What is expected -> The answer should be the exact lines from the line containing "Divano ad angolo" through the last line of the material below, with no pictures.

Stored data ->
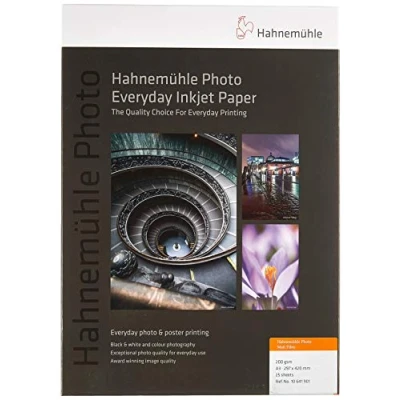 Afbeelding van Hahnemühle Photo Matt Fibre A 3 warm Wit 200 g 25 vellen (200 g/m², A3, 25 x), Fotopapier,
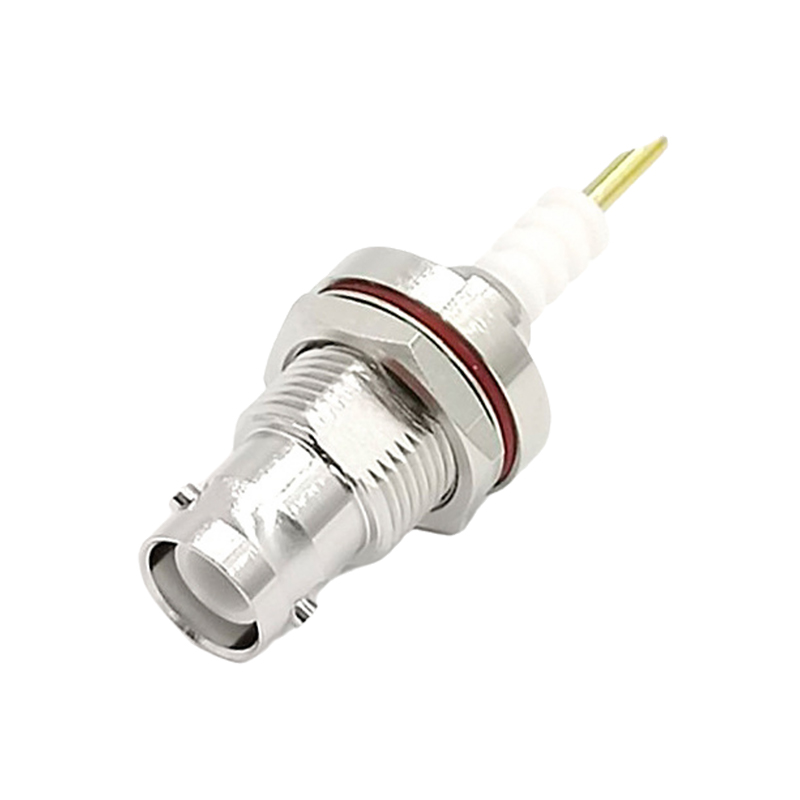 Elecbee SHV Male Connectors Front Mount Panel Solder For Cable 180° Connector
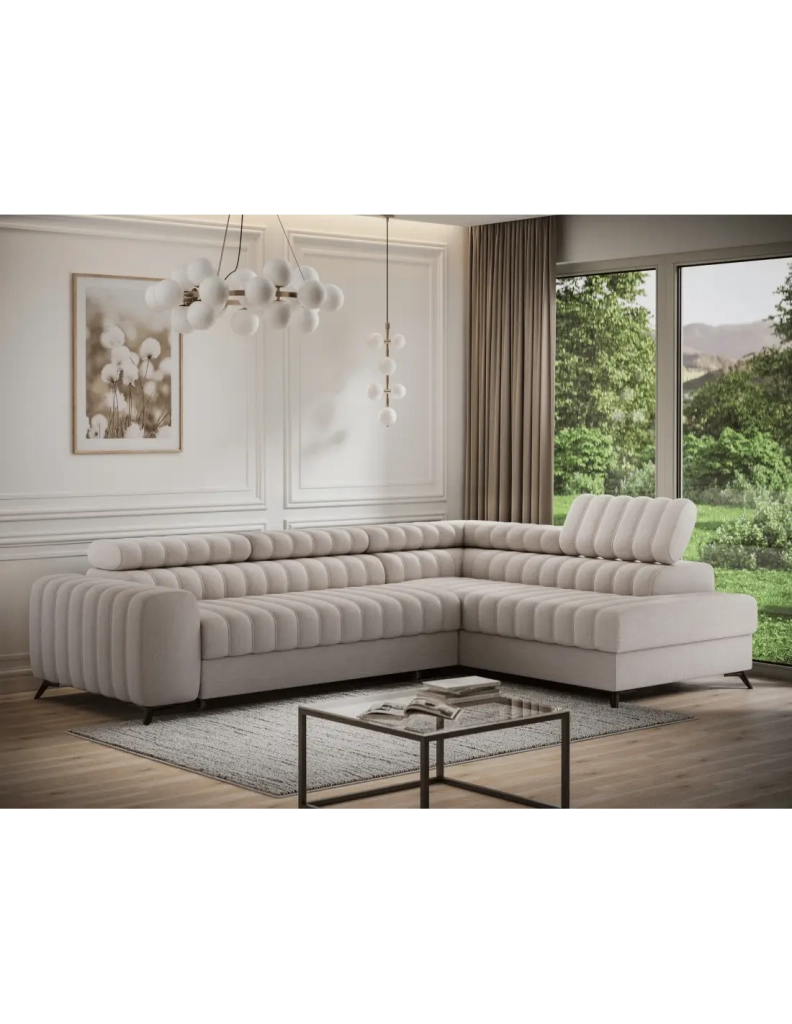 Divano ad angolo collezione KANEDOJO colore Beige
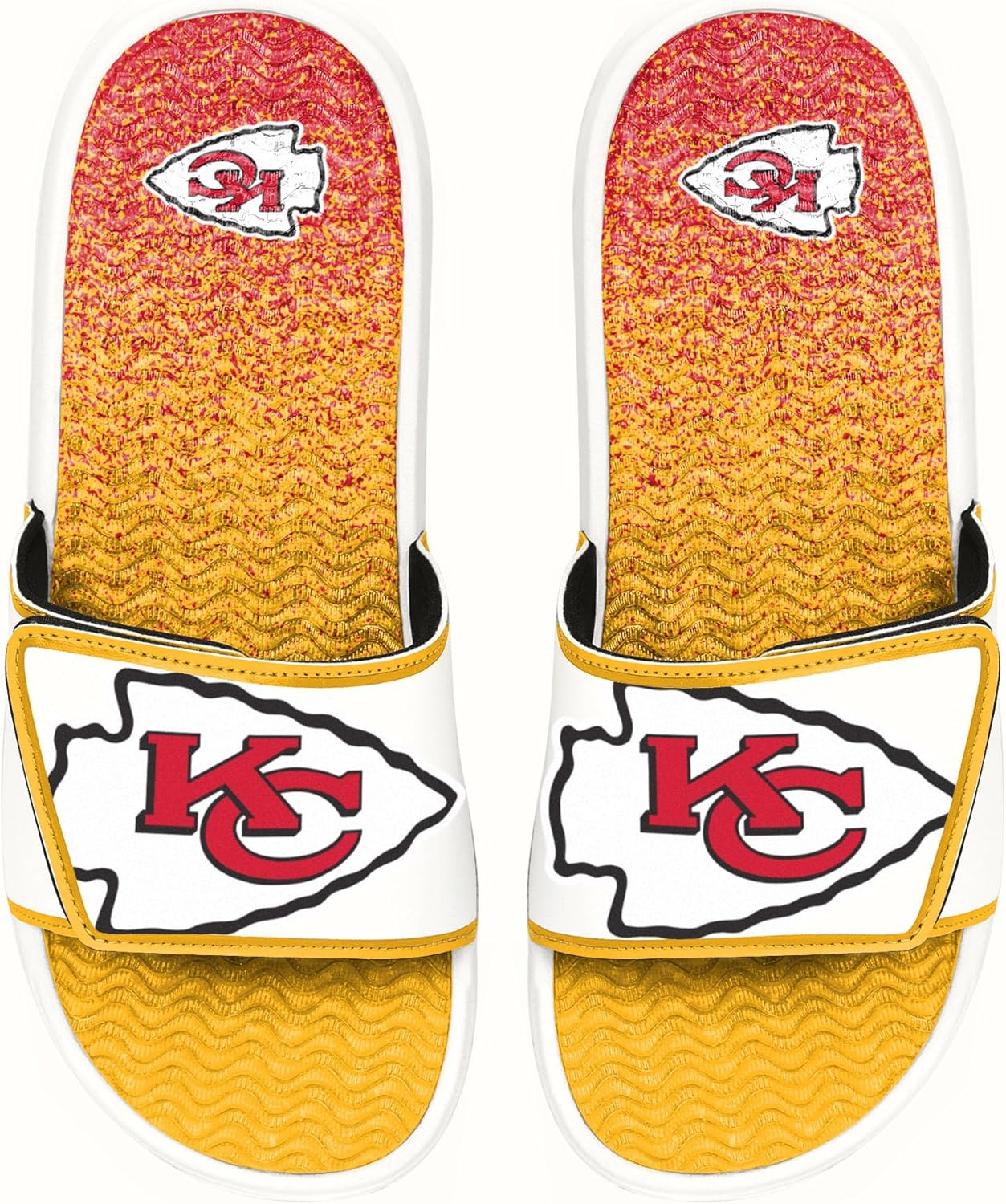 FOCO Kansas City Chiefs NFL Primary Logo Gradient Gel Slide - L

Answer to this task ->
 Divano ad angolo collezione KANEDOJO colore Beige
 FOCO Kansas City Chiefs NFL Primary Logo Gradient Gel Slide - L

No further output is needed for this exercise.